Apparently Barabbas was a thief and murderer, but I never saw him do more than get wasted, try to hump women and burn Rome down. I guess he also killed a few guys, but that was olden times and people would run into your spear all the time. He was sentenced death and was to crucified the same day as Jesus. It turns out that there is some kind of tradition around that time of year in the Roman empire where the crowd gets to vote on one dude to be set free. I suppose that keeps people coming back to watch these things, otherwise the weekly crucifixions probably get a little old and lose their impact.

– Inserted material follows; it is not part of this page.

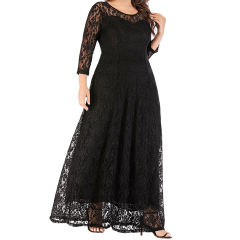 Black 3/4 Sleeve Crew Neck Lace Plus Size Dress TQK310977-2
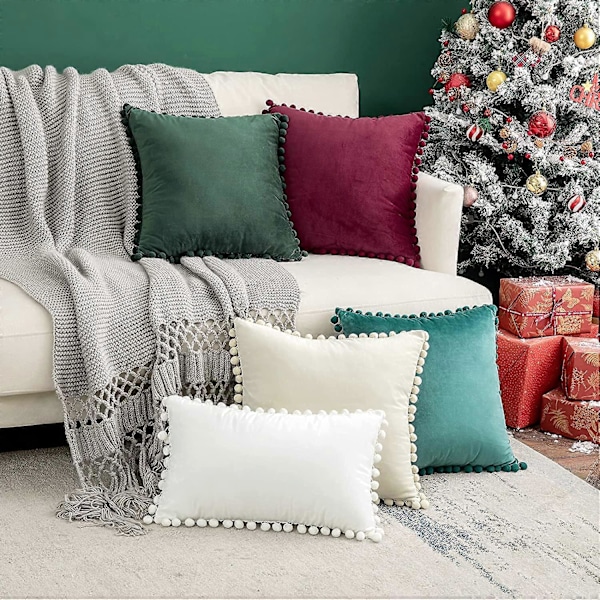 Pakke med 2 Velvet Pynteputetrekk Pompom Juledekorative Putetrekk Solid Myke Putetrekk med Dusker Firkantet for Sofa Soveværelse Bil 18x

For some reason, the choice this year is between Jesus and Barabbas. Barabbas apparently had the more loud-mouthed friends because once survey time was over, the Romans freed him and went ahead and killed Jesus. The premise of the movie (I guess - I kind of checked out for the next ninety minutes until Barabbas won a scholarship to gladiator school) is that Barabbas has to go around in life with the weight of the fact that the Son of God died in his place. I suppose this then is a really long movie about survivor’s guilt and we all know how entertaining that is.

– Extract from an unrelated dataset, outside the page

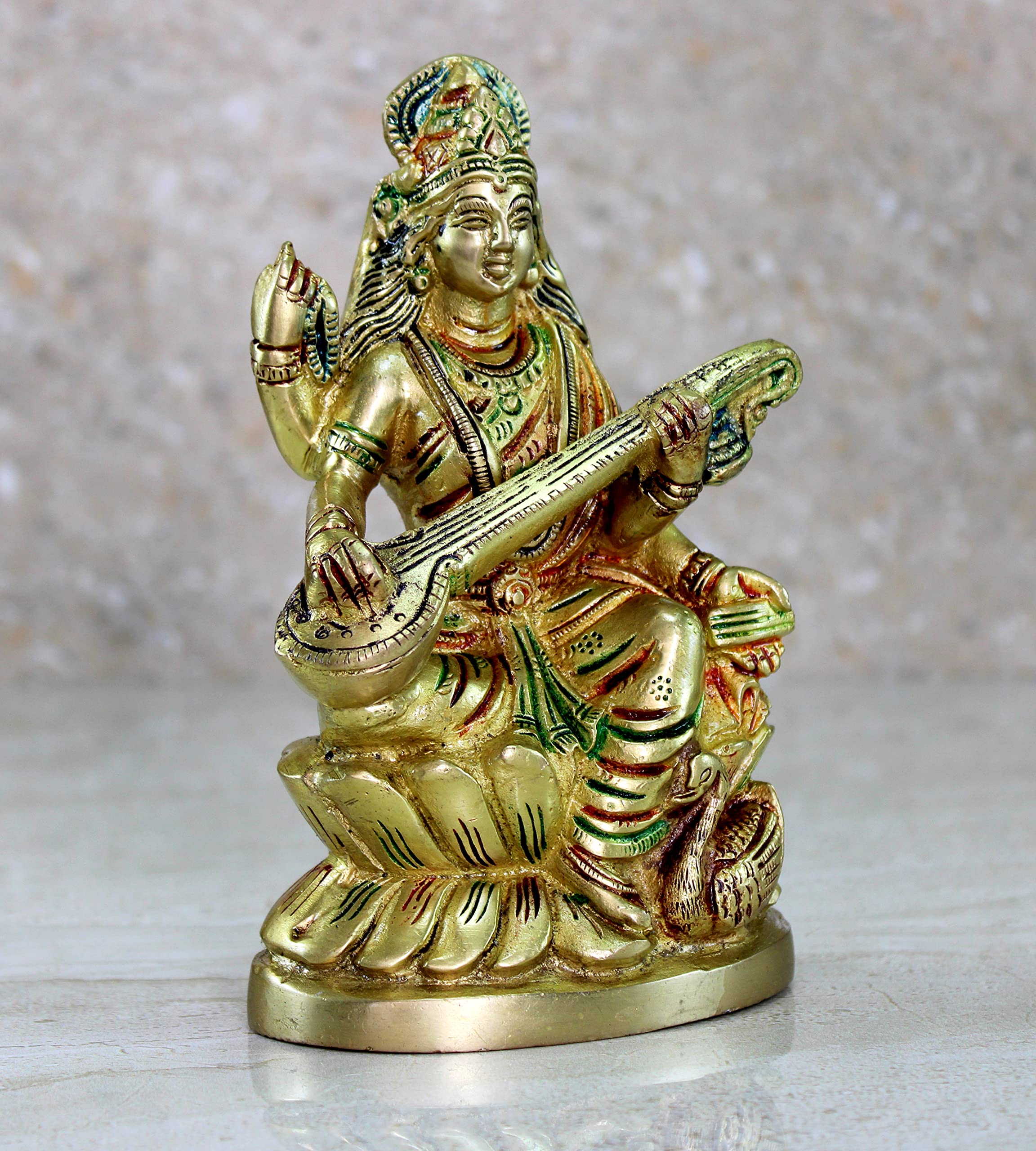 eSplanade Brass Saraswati Maa Murti Idol Statue Sculpture for Home Decor and Temple - 6" & 9.75 Inches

After he is set free, Barabbas tries to enjoy his new found lease on life the only way any of was would: drunken carousing with loose women! There is much drinking, dancing on tables and moves that only a player-hater could hate as Barabbas seeks to show everyone that getting Jesus killed isn’t about to slow him down. Of course, he manages to do all this partying at some honky tonk just down the street from the site of the crucifixion, so he periodically feels pangs of guilt and gets kind of down whenever Jesus walks by with his cross and whenever a solar eclipse rolls in to mark the crucifixion of Christ.

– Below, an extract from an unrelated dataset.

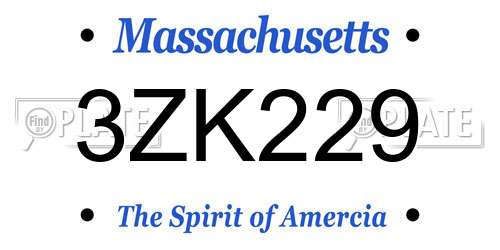 3ZK229 Massachusetts License Plate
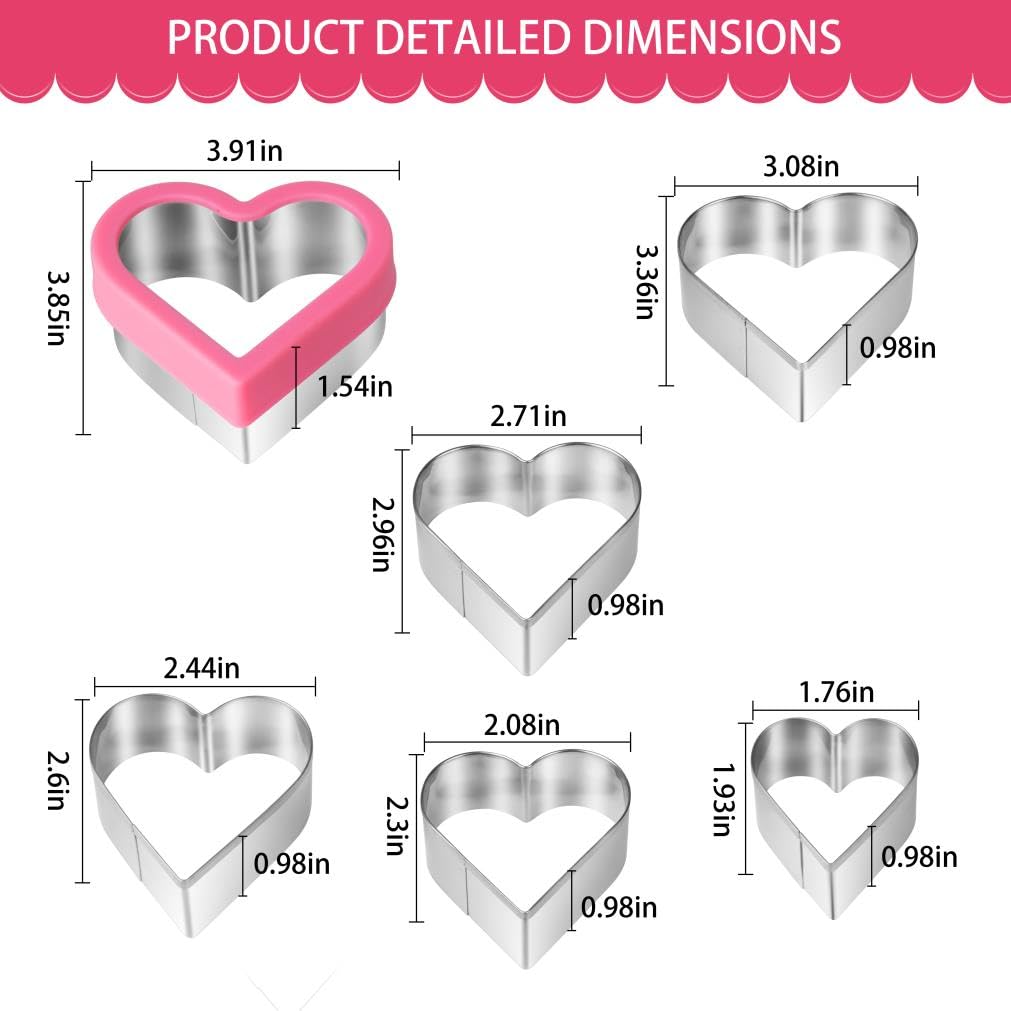 BYkooc Heart Cookie Cutter Set - 12 Stainless Steel Metal Cutters for Valentine’s Day, Fondant, Pastries, Cakes - Silver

I think any criminal defense attorney would advise her clients that once you beat the rap on some murder and stealing beef that you need to leave town and keep a little bit of a low profile. Barabbas though is a man of the people and I suppose he wanted to show his supporters that their loud cheers for his freedom were appreciated.
Meanwhile, Barabbas has a girlfriend that has become a Jesus groupie while he was locked up in the hoosegow (huh, that’s a bit ironic - usually it’s the guy that’s locked up that finds Jesus) and is saying that Jesus is the real deal. She goes off and watches Jesus die, then hangs out near the cave where they put his body. Barabbas shows up near the cave and shows her new found faith little respect, but later is a bit put out when he checks back and finds that Jesus’ body is gone from the cave.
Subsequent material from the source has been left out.